È uno dei temi più addolorati e gridati.

Questo odio qualifica la storia umana: è come il risultato permanente chela ferita misteriosa del peccato originale lascia nel tempo umano.

In tale odio, attraverso tutti i poteri (dal potere politico al potere economico), si articola l’azione del padre della menzogna, come disse Gesù ai farisei parlando di Satana.

L’odio a Lui è il tema necessario ad ogni potere che non tragga la sua origine consapevole, umile e drammatica, dall’obbedienza al potere supremo del Padre che fa tutte le cose, dall’obbedienza al destino della vittoria e di gloria che è il destino dell’uomo Cristo, giustizia di Dio, nome che segna il senso del disegno dell’universo e della storia.

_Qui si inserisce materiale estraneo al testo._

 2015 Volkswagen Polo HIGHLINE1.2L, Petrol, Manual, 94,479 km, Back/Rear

Gesù stesso ha detto: «Come il mondo ha odiato me, così odierà voi», noi non siamo solo responsabili dell’odio a Cristo, ma siamo anche, in quanto Suo popolo; vittime dell’odio del mondo.

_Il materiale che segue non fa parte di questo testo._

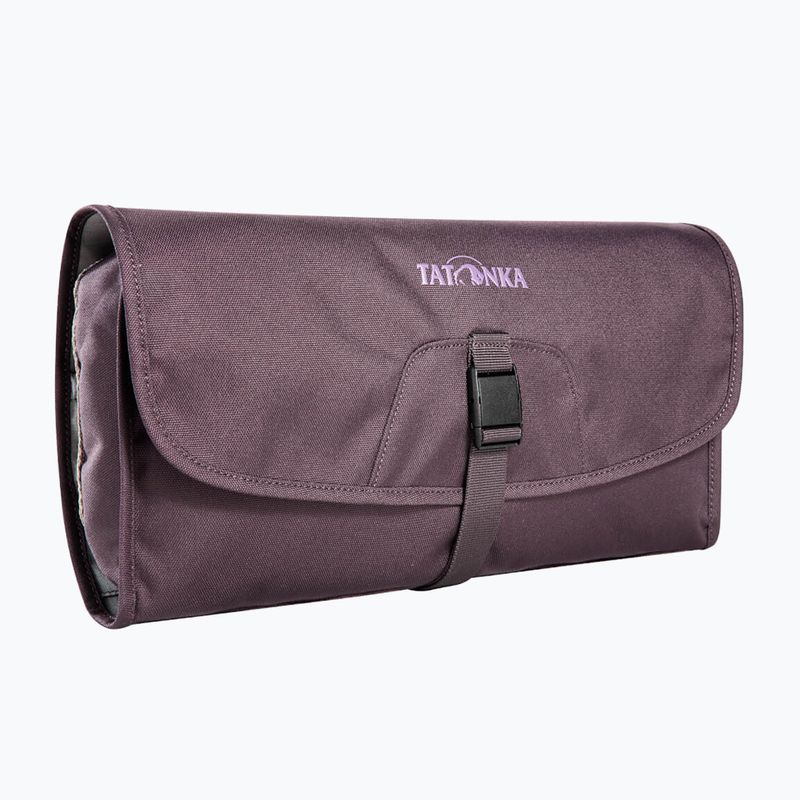 Kozmetická taška Tatonka Travelcare midnight plum 2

L’ultimo capillare di questo odio a Cristo è il nostro io, dimentico e indifferente.

È un odio non necessariamente espresso in modo clamoroso, ma vissuto come estraneità palesemente confortata e alimentata.

OFFERTA

(49)L’offerta è la conseguenza ultima della fede.

Essa è esattamente il dire: «Signore, tu lo sai che io ti amo»

L’offerta non esige uno sforzo erculeo, ma solo: «Riconosco chi tu sei».

E uno non può dire: «riconosco chi Tu sei» senza sentirsi piombare nell’umiliazione del proprio niente peccatore e, paradossalmente, senza al tempo stesso sentire l’inizio della libertà, che diventa domanda a Colui che è presente e che ha creato la richiesta.

(144) – Allora diventa abituale lo svegliarsi al mattino e dire l’Angelus, offrendo la giornata con la coscienza della propria debolezza, negli errori che si commetteranno quel giorno, è già perdonata: «Ti offro, o Dio, questa mia giornata, perché Tu l’abbia a perdonare, azzerando i ricordo dei miei mali, perché Tu l’abbia a tener tesa, in tensione verso di Te»

(170) – Nella missione si compie l’offerta di sé a Cristo, nel suo Popolo vivente che è la Chiesa.

Ciò avviene là dove Egli ci ha collocato, cioè nel luogo e nella modalità del carisma.

È tale offerta che si chiama obbedienza.

Perché gli uomini non vivano più per sé stessi ma per Cristo, occorre l’obbedienza.

(178) – «Vi esorto dunque fratelli a offrire i vostri corpi come sacrificio vivente, santo e gradito a Dio: è questo il vostro culto spirituale».

La nostra cultura, il nostro culto spirituale è l’offerta.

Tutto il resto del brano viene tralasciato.